> Instructions for the task:
Only the lines from the start of the entries up to and including the line with "Nicolas BEAUPIED" should be written out, exactly as they stand.

The records Block Start

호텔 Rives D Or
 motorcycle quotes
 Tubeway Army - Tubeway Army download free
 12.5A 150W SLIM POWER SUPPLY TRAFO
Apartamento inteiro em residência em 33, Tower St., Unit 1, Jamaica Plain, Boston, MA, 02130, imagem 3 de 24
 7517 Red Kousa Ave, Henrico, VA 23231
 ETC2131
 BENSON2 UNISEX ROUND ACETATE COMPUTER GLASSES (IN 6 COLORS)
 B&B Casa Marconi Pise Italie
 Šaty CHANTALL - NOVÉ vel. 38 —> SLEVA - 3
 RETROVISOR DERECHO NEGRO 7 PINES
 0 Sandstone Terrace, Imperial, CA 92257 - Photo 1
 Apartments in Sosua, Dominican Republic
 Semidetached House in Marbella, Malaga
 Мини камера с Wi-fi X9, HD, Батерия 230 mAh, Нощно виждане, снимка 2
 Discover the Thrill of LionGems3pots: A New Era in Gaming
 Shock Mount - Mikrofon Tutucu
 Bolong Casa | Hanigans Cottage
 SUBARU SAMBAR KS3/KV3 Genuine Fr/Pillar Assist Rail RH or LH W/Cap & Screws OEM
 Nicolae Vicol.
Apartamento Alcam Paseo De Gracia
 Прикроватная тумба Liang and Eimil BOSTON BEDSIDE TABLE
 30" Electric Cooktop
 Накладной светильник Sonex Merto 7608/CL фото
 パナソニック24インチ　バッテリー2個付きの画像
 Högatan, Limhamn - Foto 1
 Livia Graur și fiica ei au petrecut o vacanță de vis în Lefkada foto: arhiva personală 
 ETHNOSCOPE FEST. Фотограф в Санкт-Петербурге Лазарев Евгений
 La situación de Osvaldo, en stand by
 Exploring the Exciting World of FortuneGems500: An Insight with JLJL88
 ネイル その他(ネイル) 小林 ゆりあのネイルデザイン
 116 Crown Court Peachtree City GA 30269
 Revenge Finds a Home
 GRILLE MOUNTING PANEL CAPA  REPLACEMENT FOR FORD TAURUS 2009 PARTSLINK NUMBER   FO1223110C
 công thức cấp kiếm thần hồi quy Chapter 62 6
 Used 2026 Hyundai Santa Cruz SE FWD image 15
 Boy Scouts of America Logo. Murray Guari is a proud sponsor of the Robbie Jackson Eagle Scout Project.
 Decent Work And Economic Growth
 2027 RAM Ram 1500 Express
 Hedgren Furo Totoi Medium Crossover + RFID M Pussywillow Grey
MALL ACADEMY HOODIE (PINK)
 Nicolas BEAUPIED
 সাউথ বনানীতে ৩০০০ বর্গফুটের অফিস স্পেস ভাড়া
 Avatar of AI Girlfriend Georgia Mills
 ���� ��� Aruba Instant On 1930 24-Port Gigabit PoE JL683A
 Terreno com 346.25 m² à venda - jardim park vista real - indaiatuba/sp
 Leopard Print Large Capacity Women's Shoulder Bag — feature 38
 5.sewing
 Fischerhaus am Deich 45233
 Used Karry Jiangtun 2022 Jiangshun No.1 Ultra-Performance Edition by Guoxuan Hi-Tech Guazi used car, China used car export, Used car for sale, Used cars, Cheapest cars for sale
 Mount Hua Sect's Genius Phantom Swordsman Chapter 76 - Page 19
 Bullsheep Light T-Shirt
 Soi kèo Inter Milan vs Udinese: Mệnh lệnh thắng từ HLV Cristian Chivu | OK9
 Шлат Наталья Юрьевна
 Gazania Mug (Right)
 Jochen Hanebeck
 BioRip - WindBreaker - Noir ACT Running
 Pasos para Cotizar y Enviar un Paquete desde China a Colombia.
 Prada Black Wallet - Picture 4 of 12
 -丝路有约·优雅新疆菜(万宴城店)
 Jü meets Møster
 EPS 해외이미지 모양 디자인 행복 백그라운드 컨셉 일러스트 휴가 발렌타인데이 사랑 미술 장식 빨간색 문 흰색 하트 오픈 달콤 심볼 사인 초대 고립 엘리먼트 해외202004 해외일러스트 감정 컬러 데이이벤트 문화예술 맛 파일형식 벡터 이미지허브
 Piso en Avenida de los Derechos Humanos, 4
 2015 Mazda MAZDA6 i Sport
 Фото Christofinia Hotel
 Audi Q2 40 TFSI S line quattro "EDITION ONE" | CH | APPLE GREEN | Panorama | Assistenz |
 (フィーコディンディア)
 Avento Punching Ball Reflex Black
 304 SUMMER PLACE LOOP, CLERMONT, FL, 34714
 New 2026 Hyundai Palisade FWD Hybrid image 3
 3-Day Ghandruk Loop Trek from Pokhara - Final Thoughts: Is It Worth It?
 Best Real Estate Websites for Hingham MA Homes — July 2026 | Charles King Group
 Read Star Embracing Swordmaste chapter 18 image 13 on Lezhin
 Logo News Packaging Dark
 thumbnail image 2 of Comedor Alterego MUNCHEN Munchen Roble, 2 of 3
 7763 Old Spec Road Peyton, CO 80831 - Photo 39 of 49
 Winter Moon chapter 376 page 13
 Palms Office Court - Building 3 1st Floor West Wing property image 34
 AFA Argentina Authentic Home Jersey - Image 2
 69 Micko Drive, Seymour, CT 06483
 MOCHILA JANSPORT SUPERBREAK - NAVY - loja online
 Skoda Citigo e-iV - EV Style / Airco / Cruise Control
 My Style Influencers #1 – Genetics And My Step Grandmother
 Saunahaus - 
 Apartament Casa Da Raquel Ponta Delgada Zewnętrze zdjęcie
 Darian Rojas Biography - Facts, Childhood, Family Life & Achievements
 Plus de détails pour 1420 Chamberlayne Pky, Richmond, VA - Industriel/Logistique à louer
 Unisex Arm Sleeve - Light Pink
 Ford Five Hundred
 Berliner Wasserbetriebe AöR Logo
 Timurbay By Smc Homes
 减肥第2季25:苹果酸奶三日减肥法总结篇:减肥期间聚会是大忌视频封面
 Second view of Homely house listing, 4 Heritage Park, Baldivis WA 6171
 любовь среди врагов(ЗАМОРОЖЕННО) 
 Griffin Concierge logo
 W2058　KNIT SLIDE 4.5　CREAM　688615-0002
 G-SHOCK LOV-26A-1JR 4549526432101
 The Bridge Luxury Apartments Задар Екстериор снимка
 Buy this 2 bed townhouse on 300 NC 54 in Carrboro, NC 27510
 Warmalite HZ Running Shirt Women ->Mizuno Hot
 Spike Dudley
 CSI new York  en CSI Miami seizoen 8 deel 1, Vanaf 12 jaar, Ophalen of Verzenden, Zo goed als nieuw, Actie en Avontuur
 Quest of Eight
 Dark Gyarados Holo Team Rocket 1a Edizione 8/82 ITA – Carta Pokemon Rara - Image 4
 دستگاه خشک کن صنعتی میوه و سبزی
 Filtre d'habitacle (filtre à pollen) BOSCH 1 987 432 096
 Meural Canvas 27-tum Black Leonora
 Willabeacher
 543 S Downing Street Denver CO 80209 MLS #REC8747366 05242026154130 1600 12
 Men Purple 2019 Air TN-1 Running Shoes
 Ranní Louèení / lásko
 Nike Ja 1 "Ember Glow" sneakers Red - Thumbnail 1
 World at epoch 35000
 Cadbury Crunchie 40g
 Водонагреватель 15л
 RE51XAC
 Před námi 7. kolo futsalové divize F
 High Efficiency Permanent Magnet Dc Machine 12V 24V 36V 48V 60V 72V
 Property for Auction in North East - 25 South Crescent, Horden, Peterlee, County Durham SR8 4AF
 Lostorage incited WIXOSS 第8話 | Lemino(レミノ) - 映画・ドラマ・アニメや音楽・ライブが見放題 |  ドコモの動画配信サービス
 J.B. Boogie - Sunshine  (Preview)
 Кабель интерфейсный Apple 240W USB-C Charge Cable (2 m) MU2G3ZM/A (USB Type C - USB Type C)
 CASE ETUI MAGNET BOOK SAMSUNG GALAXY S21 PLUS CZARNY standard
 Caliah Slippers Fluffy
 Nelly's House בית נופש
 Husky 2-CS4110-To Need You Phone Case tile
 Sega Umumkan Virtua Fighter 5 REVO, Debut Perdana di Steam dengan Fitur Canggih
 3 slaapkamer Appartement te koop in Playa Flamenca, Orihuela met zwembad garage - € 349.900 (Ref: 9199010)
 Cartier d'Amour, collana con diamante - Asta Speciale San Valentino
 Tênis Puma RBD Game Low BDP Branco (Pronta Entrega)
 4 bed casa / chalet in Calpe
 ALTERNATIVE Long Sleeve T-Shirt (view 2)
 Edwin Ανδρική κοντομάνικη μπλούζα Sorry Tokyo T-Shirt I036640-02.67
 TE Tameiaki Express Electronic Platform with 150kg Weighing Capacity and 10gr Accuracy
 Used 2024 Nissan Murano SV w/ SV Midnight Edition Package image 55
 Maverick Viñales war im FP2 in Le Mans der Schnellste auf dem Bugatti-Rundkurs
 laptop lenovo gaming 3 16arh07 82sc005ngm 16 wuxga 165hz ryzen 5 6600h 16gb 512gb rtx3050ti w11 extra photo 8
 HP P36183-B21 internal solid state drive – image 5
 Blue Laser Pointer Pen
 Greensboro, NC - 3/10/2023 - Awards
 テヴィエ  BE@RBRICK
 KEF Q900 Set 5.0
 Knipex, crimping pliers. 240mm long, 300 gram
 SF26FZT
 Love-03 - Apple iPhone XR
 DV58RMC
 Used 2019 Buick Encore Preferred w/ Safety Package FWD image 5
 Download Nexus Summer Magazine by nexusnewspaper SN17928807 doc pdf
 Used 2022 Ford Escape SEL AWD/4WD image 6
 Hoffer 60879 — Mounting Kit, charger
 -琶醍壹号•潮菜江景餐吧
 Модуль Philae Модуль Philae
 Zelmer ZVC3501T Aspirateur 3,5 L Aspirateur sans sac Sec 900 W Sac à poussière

The records Block End

> Completed exercise:
호텔 Rives D Or
 motorcycle quotes
 Tubeway Army - Tubeway Army download free
 12.5A 150W SLIM POWER SUPPLY TRAFO
Apartamento inteiro em residência em 33, Tower St., Unit 1, Jamaica Plain, Boston, MA, 02130, imagem 3 de 24
 7517 Red Kousa Ave, Henrico, VA 23231
 ETC2131
 BENSON2 UNISEX ROUND ACETATE COMPUTER GLASSES (IN 6 COLORS)
 B&B Casa Marconi Pise Italie
 Šaty CHANTALL - NOVÉ vel. 38 —> SLEVA - 3
 RETROVISOR DERECHO NEGRO 7 PINES
 0 Sandstone Terrace, Imperial, CA 92257 - Photo 1
 Apartments in Sosua, Dominican Republic
 Semidetached House in Marbella, Malaga
 Мини камера с Wi-fi X9, HD, Батерия 230 mAh, Нощно виждане, снимка 2
 Discover the Thrill of LionGems3pots: A New Era in Gaming
 Shock Mount - Mikrofon Tutucu
 Bolong Casa | Hanigans Cottage
 SUBARU SAMBAR KS3/KV3 Genuine Fr/Pillar Assist Rail RH or LH W/Cap & Screws OEM
 Nicolae Vicol.
Apartamento Alcam Paseo De Gracia
 Прикроватная тумба Liang and Eimil BOSTON BEDSIDE TABLE
 30" Electric Cooktop
 Накладной светильник Sonex Merto 7608/CL фото
 パナソニック24インチ　バッテリー2個付きの画像
 Högatan, Limhamn - Foto 1
 Livia Graur și fiica ei au petrecut o vacanță de vis în Lefkada foto: arhiva personală 
 ETHNOSCOPE FEST. Фотограф в Санкт-Петербурге Лазарев Евгений
 La situación de Osvaldo, en stand by
 Exploring the Exciting World of FortuneGems500: An Insight with JLJL88
 ネイル その他(ネイル) 小林 ゆりあのネイルデザイン
 116 Crown Court Peachtree City GA 30269
 Revenge Finds a Home
 GRILLE MOUNTING PANEL CAPA  REPLACEMENT FOR FORD TAURUS 2009 PARTSLINK NUMBER   FO1223110C
 công thức cấp kiếm thần hồi quy Chapter 62 6
 Used 2026 Hyundai Santa Cruz SE FWD image 15
 Boy Scouts of America Logo. Murray Guari is a proud sponsor of the Robbie Jackson Eagle Scout Project.
 Decent Work And Economic Growth
 2027 RAM Ram 1500 Express
 Hedgren Furo Totoi Medium Crossover + RFID M Pussywillow Grey
MALL ACADEMY HOODIE (PINK)
 Nicolas BEAUPIED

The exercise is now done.